Parents who constantly argue could be stunting their children's growth, say scientists who have uncovered a link between a reduced growth rate and a stressful upbringing.

The study showed traumatic childhood experiences have a serious effect on later health, causing disease and, in some cases, permanent stunting.

Epidemiologist Dr Scott Montgomery and his team at the Royal Free Hospital in London followed up a survey of 1,352 families across the UK which had taken place between 1937 and 1939. It had looked at children's health and lifestyles when they were aged between five and eight. Sixty years later, 149 members of the same group were tracked down and similar tests carried out.

Dr Montgomery said: "We discovered a significant relationship between parents who had argued and a slower growth rate in their children.

"Youngsters who live in very stressful situations have been found to have less growth hormone.
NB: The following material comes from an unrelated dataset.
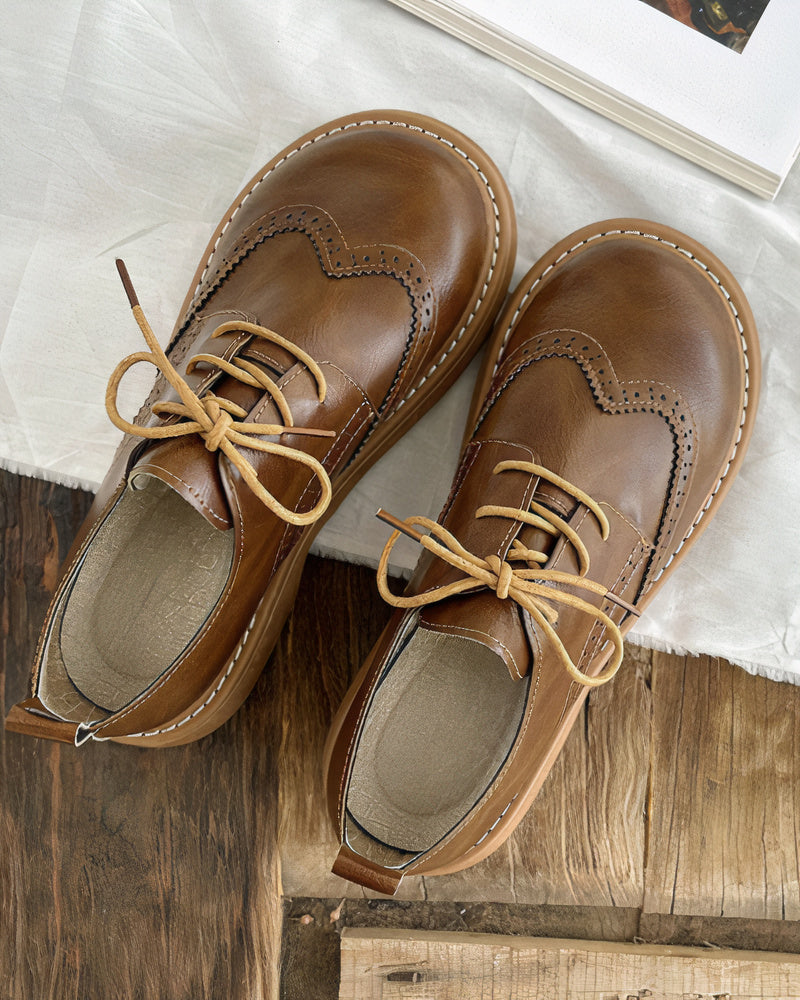 Damskie Retro Oxfordy – Klasyczne Eleganckie Sznurowane Buty Trwałe i Wygodne na Smart Casual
If they are taken out of that unhappy situation, the hormone levels recover.

Such young people do not necessarily turn into short adults - they just grow more slowly. The danger is that if the stress goes on for long, it can stunt growth permanently."

His work shows that youngsters who grow more slowly are more likely to suffer high blood pressure as adults, putting them at greater risk of heart disease and strokes. "I believe this research emphasises the critical importance of looking after a child's emotional welfare," said Dr Montgomery. He believes the reason for the link between stress and growth can be put down to evolution.

"At a time of stress, it makes sense in an evolutionary way to switch off everything that isn't essential," he said. "You don't want to put your energy into growing when you might need it to run away or defend yourself. Once you are out of danger, you can afford to use your energy on growing again."

* Children with fathers in their lives, however, learn more thoroughly, have higher self-esteem and show fewer signs of depression than those reared only by their mothers, according to another study on child development, adds Cherry Norton.

The findings presented at a conference in Boston, Massachusetts yesterday, showed that children with a father or father figure scored higher on basic learning-skill tests and were more socially adept and likely to get on better with their peers.

Children who viewed their father figure as supportive had a greater feeling of competence and greater social acceptance.